§ Exercise brief
Scan the records below for the line containing "Litere Volumetrice Iluminate" and the line containing "Black and White". Copy both, plus every line between, exactly.

§ Records for this task
----------------
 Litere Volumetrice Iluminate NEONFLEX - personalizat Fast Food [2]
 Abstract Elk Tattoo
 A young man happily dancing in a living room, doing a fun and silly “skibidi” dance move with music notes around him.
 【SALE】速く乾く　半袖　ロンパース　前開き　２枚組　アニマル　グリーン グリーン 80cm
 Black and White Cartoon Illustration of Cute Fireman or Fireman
----------------
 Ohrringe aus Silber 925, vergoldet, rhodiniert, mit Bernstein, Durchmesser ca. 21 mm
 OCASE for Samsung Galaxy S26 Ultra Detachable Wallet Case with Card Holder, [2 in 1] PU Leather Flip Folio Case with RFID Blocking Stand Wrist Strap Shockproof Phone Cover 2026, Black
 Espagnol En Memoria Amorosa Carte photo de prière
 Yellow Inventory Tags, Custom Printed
----------------
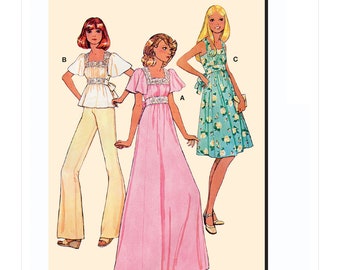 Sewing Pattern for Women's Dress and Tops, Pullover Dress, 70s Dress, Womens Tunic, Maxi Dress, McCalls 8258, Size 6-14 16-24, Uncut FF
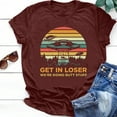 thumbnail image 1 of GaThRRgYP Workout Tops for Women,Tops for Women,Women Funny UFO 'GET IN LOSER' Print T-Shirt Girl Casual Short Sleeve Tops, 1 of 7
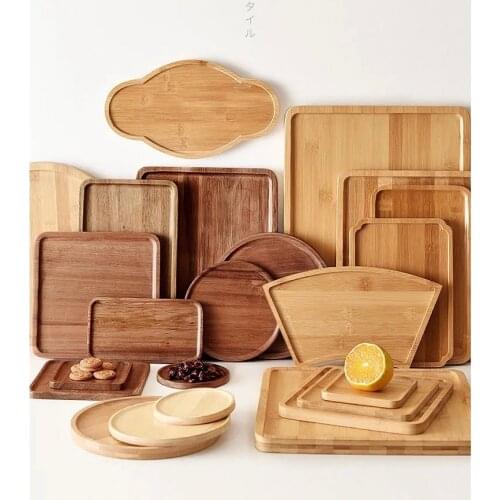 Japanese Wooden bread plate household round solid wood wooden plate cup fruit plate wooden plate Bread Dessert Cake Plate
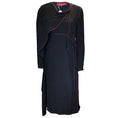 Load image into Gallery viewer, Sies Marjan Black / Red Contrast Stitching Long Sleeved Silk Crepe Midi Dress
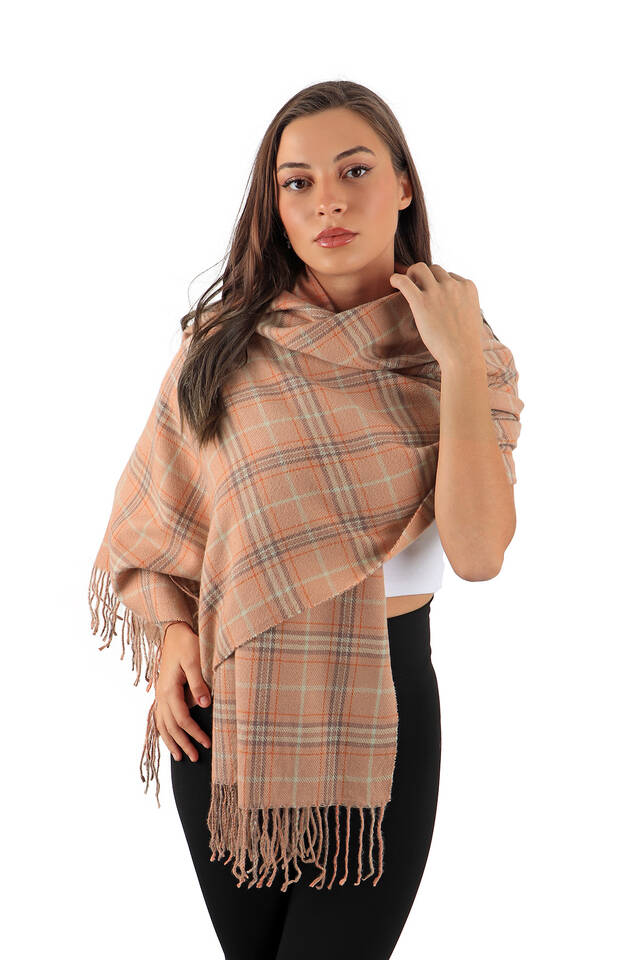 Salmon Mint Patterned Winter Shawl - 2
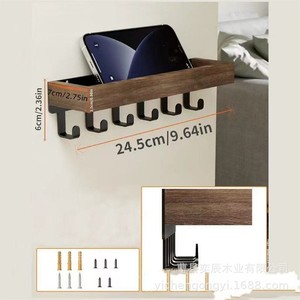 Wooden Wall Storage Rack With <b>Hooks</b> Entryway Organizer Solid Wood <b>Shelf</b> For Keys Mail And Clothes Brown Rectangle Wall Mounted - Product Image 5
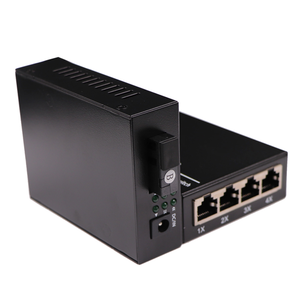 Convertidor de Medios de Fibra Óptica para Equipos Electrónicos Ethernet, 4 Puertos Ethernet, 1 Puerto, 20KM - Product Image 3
----------------
§ Reply
 Litere Volumetrice Iluminate NEONFLEX - personalizat Fast Food [2]
 Abstract Elk Tattoo
 A young man happily dancing in a living room, doing a fun and silly “skibidi” dance move with music notes around him.
 【SALE】速く乾く　半袖　ロンパース　前開き　２枚組　アニマル　グリーン グリーン 80cm
 Black and White Cartoon Illustration of Cute Fireman or Fireman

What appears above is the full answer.